Avi Kravitz: Ich war lange Zeit im Consulting tätig und kenne die üblichen Vorbehalte der Kunden. Sie haben meist zu wenig Mitarbeiter in den Fachbereichen, die in der Regel ohnehin ziemlich ausgelastet sind, und möchten nicht, dass eine zusätzliche Software auf den Endgeräten installiert wird, etc. Aus diesen Gesichtspunkten heraus haben wir den gesamten Prozess designt. Am Anfang setzen wir uns mit dem Kunden etwa vier Stunden zusammen und entwickeln ein Deception Design-Konzept. In einem Workshop schauen wir uns dann die Infrastruktur holistisch an, und analysieren die strategische Positionierung. Anschließend kümmern sich unsere Operations-Leute um das gesamte Setup. Die brauchen, je nach Design, dafür nur wenige Tage. Man kann die Lösung in der Cloud installieren, oder direkt beim Kunden „on premise“. Wie es der Kunde haben will. Wir haben auch schon Hybrid-Modelle erfolgreich eingeführt. Ist das geklärt, dann geben wir dem Kunden ein Set Up-Package, in dem die Köder enthalten sind. Wenn es notwendig ist, unterstützen wir sie dann noch beim Ausrollen dieser Köder. Das dauert aber nur ca. eine halbe Stunde. Der Kunde hat praktisch gesehen kaum einen Aufwand. Er kann sich dann aussuchen, ob er die Lösung selbst managen will, oder durch unser Security Operation Center betreiben möchte. In Summe ist das System hochgradig automatisiert.
Benötigt Ihr bei diesen Implementierungsschritten uneingeschränkten Zugang zu den Systemen der Kunden?
Avi Kravitz: Wir brauchen keinen Zugang in das IT System des Kunden oder zu vertraulichen Informationen. Es ist zu vergleichen mit der Montage einer Überwachungskamera. Unsere Insights bekommen wir dann, wenn der Angreifer eindringt. Dann sehen wir, wonach er sucht, welche Werkzeuge er verwendet und was ihn genau interessiert. Wie man sich vorstellen kann, ist diese Information extrem viel wert.
Da möchte ich auch gleich zum Thema Kosten kommen.

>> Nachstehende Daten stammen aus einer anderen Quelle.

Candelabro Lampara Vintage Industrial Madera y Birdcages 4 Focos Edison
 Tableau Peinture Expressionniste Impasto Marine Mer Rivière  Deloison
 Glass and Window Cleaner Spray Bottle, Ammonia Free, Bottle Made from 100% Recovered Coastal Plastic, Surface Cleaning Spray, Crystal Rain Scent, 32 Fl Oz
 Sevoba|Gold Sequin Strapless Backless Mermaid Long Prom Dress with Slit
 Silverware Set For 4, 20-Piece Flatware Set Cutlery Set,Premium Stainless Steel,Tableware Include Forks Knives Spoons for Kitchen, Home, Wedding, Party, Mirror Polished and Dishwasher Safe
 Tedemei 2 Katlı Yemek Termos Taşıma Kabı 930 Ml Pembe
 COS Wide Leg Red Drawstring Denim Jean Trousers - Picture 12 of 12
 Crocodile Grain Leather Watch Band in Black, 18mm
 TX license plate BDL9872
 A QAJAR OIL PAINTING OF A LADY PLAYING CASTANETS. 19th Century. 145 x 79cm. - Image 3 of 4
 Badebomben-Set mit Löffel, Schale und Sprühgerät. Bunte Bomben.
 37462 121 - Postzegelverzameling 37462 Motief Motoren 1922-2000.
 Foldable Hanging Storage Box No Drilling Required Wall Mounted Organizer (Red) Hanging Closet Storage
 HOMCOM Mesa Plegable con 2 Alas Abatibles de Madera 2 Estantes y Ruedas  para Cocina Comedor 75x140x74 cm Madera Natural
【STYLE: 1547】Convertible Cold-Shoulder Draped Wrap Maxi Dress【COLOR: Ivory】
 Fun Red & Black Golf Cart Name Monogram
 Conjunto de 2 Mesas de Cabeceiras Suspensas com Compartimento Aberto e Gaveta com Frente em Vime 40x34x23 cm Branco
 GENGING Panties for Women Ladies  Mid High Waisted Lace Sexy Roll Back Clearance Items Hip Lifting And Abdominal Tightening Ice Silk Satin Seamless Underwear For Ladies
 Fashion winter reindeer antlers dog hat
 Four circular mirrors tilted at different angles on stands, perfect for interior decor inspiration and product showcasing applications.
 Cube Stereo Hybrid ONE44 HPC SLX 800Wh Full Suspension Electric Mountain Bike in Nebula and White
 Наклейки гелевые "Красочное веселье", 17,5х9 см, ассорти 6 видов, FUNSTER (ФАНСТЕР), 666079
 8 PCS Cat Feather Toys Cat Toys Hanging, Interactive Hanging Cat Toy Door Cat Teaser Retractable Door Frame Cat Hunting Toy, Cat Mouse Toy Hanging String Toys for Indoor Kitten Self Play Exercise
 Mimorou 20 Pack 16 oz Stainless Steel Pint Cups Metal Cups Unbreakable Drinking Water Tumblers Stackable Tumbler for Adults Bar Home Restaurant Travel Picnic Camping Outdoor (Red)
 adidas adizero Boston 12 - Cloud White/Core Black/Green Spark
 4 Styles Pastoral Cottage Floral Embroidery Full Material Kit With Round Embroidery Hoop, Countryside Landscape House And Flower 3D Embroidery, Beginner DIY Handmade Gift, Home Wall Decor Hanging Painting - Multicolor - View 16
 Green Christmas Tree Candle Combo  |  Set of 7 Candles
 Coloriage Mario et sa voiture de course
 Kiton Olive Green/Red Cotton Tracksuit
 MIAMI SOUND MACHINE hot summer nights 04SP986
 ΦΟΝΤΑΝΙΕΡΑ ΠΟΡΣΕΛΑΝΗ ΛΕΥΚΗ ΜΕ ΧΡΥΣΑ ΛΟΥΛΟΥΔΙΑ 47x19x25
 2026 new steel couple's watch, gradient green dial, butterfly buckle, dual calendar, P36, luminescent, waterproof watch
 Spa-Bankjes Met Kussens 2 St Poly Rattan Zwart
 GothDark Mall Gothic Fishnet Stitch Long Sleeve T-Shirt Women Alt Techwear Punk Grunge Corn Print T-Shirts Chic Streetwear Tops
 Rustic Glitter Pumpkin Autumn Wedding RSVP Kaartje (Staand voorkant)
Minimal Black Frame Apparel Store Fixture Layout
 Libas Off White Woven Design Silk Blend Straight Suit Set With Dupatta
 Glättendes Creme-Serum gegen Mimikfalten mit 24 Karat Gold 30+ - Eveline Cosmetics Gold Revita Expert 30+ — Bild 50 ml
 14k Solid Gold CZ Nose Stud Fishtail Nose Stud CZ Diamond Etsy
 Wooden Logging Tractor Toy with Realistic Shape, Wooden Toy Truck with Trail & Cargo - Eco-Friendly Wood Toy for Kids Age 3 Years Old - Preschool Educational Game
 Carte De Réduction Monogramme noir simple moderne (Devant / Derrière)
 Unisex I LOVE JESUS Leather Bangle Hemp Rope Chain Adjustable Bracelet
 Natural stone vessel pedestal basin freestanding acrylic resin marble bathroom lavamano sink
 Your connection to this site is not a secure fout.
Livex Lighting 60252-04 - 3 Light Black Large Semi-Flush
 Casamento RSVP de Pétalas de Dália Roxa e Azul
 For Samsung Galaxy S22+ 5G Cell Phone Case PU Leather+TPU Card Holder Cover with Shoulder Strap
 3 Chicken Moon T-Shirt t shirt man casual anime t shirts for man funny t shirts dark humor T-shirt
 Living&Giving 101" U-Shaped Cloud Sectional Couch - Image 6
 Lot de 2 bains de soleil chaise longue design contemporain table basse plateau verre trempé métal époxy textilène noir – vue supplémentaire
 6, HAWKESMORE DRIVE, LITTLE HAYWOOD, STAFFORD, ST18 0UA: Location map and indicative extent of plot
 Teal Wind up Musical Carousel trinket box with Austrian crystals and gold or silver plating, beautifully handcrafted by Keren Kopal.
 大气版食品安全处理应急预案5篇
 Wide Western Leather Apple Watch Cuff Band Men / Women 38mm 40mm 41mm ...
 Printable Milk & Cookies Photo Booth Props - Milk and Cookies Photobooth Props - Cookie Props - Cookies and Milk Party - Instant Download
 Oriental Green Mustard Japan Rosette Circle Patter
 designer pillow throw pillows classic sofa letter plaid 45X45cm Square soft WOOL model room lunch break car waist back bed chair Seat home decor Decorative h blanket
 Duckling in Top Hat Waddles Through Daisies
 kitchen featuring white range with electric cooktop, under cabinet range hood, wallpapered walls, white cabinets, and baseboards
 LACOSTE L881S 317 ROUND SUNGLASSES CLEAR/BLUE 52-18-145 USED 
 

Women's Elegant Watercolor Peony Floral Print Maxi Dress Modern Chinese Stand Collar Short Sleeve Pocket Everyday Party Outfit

Jack Wagner: Wir bieten unsere Technologie ab rund 3500 Euro pro Monat an, dazu kommen noch die einmaligen Implementierungskosten. Der Preis hängt aber natürlich von der Größe des IT Netzwerks der Company ab.
Wie sieht es mit den eigenen Wachstumsplänen aus?
Jack Wagner: Wir haben im abgelaufenen Jahr einen Umsatz von etwa 700.000 Euro erreicht und wollen heuer verdoppeln.
Ihr nehmt immer wieder an Startup-Programmen und –Bewerben teil. Was sind die Outcomes?
Jack Wagner: Ja und da waren wir auch nicht ganz unerfolgreich, bei der PWC Cyber Security Challenge haben wir in Luxemburg den „Most promising Company“ Award gewonnen, und zuletzt bei WeXelerate den „Crowd Award“. Dadurch ergeben sich immer gute Chancen mit Investoren oder potenziellen Kunden ins Gespräch zu kommen.
Welchen langfristigen Plan verfolgt ihr als Eigentümer von CyberTrap? Könntet Ihr Euch auch einen Börsegang vorstellen?
Jack Wagner: Unsere Kunden stehen im Mittelpunkt, die müssen wir zufrieden stellen. Dann sind wir am Weltmarkt erfolgreich und können weiter wachsen. Die Börse ist sicherlich langfristig gesehen ein spannendes Thema. Aber kurzfristig überlegen wir eher die Hereinnahme eines strategischen Partners, der uns z.B. ganz neue Vertriebskanäle eröffnen kann.
Avi Kravitz: Da kann ich nur beipflichten, ein Börsegang ist sicher eine sehr langfristige Option. Aber zunächst haben wir noch einige Hausaufgaben zu erledigen. Auch das Thema strategischer Partner ist nicht von der Hand zu weisen. Große Anbieter, die das Problem holistisch angehen, haben teilweise das Thema Deception noch nicht im Portfolio. Für die ist es wichtig, zu beobachten und gezielt neue Lösungen ins Portfolio aufzunehmen. Insofern könnte es vorteilhaft sein, unsere Stärken in einem Gesamtkontext auszuspielen.